Jovan Gerbscheid (Dec 16 2025 at 13:15):

Or it might just be a matter of exporting declarations that aren't being exported.

Jovan Gerbscheid (Dec 16 2025 at 14:09):

I've had a closer look, and it turns out that removing the proofsInPublic option causesOreLocalization.oreEqv._proof_1 to instead be called OreLocalization.oreEqv._proof_2.

But the additive version generated by to_additive is still ._proof_1.

So far, to_additive was relying on always one of these two things happening:

  • The names just happen to have the same postfix (e.g. _proof_1), so it works out.
  • The auxiliary theorem is never used again, so it's not a problem that we don't know how to translate it.

Floris van Doorn (Dec 16 2025 at 14:14):

This looks like the same issue as #metaprogramming / tactics > to_additive and module system. It can be fixed by using import all on some modules.

Floris van Doorn (Dec 16 2025 at 14:16):

Jovan Gerbscheid said:

Hmm, I think the issue may be that currently, the approach for translating auxiliary proofs is to unfold them, then do the whole translation, and then to refold them. But I think this is a bad approach for proofs generated by proofsInPublic, and instead we should not unfold them, but translate them directly.

One anoying issue with that though is that the dont_translate := ... option doesn't get passed along.

I don't know what proofsInPublic is, but the reason to unfold aux-decls is to get enough context to apply the to_additive-heuristics.
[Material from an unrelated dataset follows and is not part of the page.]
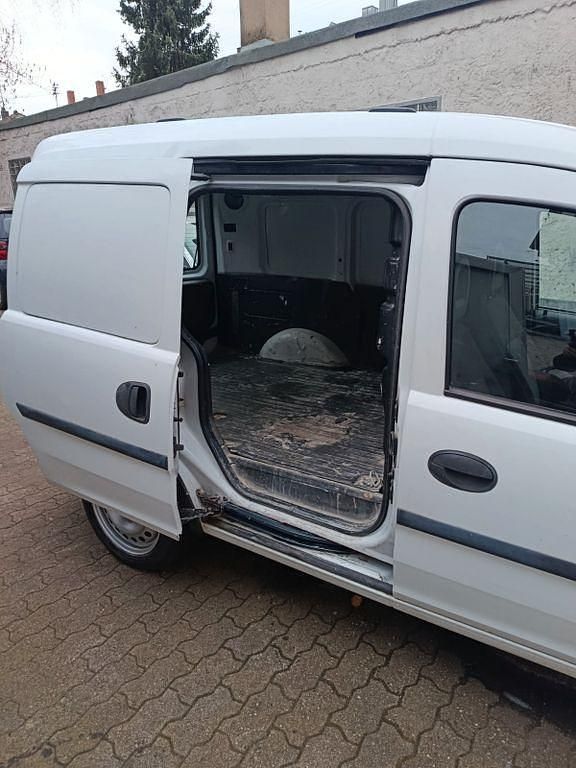 Second-hand Opel Combo 75 CP (55 kW) 2010 Alb Monovolum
If we don't unfold them, it can be very hard to decide what to additivize on an aux-decl.

Jovan Gerbscheid (Dec 16 2025 at 14:22):

Ah right if you import all, then the aux theorem can be unfolded.

Jovan Gerbscheid (Dec 16 2025 at 14:28):

Is there a way to access a theorem body even if it has not explicitly been imported via import all?

Sebastian Ullrich (Dec 16 2025 at 14:32):

Is there no way we could additivize the aux decl in the module it was declared in?

Jovan Gerbscheid (Dec 16 2025 at 14:44):

If I recall correctly, that is what we did up to about a year ago, and then @Kyle Miller changed it so that the proofs are unfolded, which was necessary in one of the lean version bumps?

Kyle Miller (Dec 16 2025 at 16:20):

What I'm remembering is that there was an improvement to the way proof terms are abstracted from definitions that unfortunately changed their types in such a way that they no longer were meaningful to to_additive — and that previously they were only accidentally meaningful. The fix Floris and I made was to unfold these proofs, since that way in context it was clear how to additivize. Then it would be sure to abstractNestedProofs for defs to put things back into a similar form.

I don't recall to_additive needing the _proof_1 postfixes needing to be the same, unless what you're saying @Jovan Gerbscheid is that this is one of the conditions that happens to make the current code work when using the new module system.

Why is it that additivization is happening across modules?

If it's necessary, could there be a flag to make the abstracted proofs (and simp aux lemmas) necessary for a definition be exported?

Jovan Gerbscheid (Dec 16 2025 at 19:22):

Yeah I take that back about the _proof_1 postfixes having needed to match. But indeed now with the mulodule system this does happen to make the current code work when the postfixes match.